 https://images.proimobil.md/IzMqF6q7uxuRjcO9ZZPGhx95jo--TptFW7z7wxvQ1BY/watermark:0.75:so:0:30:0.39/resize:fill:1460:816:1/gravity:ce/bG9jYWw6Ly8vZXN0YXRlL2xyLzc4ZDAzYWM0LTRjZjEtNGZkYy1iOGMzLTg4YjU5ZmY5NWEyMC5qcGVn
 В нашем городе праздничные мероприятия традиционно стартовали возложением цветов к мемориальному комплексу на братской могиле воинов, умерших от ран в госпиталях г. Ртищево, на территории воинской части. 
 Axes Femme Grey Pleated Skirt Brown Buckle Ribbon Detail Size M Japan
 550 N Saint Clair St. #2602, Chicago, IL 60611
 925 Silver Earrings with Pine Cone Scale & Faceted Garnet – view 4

==

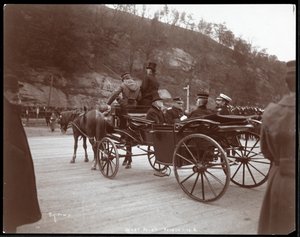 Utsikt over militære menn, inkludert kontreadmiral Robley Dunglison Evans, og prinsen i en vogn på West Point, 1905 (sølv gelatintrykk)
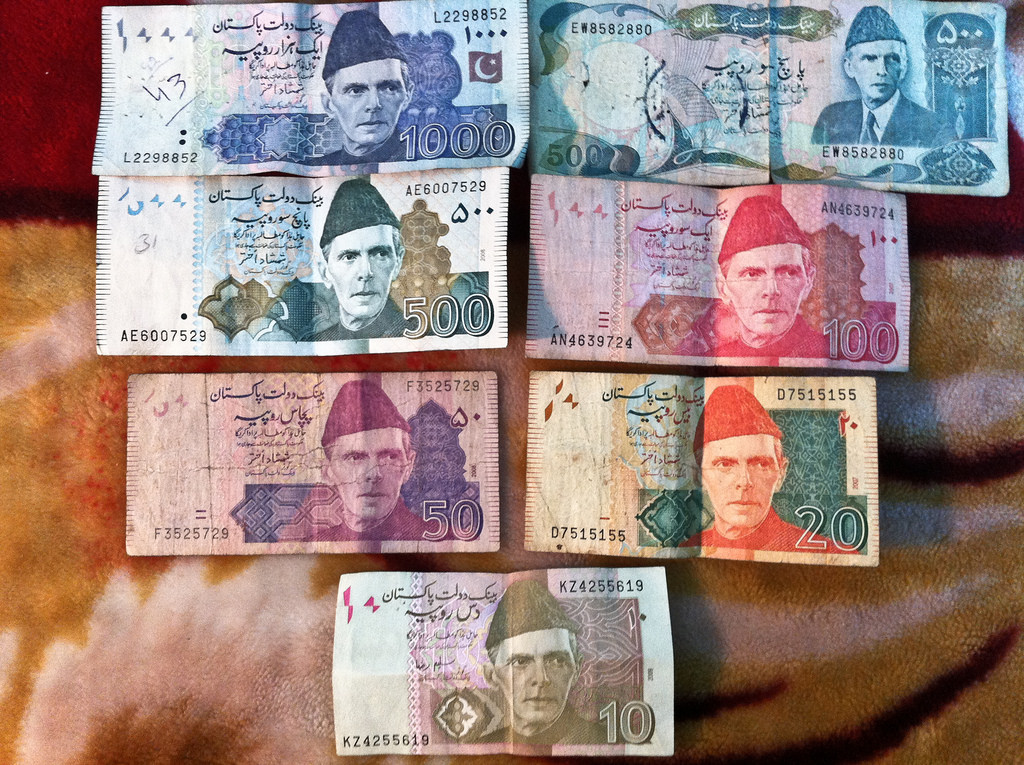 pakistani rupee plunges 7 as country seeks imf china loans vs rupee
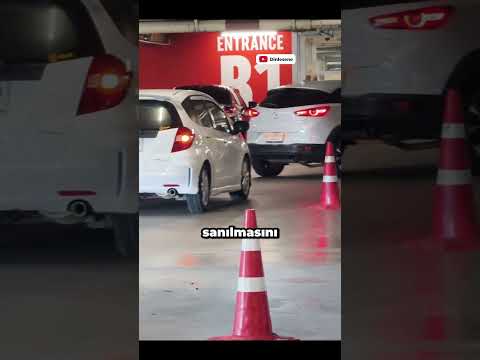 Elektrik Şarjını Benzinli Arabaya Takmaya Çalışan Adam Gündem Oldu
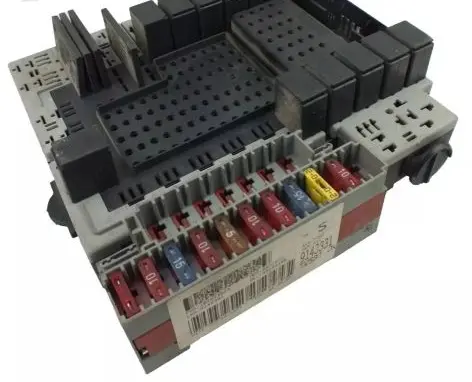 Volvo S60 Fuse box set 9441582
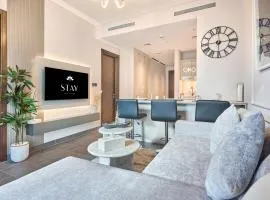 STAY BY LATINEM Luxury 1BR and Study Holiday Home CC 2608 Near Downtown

Requirement =>
Among the entries above, the lines between the ones containing "550 N Saint" and "925 Silver Earrings", inclusive, are to be transcribed exactly. No other line is to be given.

Reply to the exercise =>
 550 N Saint Clair St. #2602, Chicago, IL 60611
 925 Silver Earrings with Pine Cone Scale & Faceted Garnet – view 4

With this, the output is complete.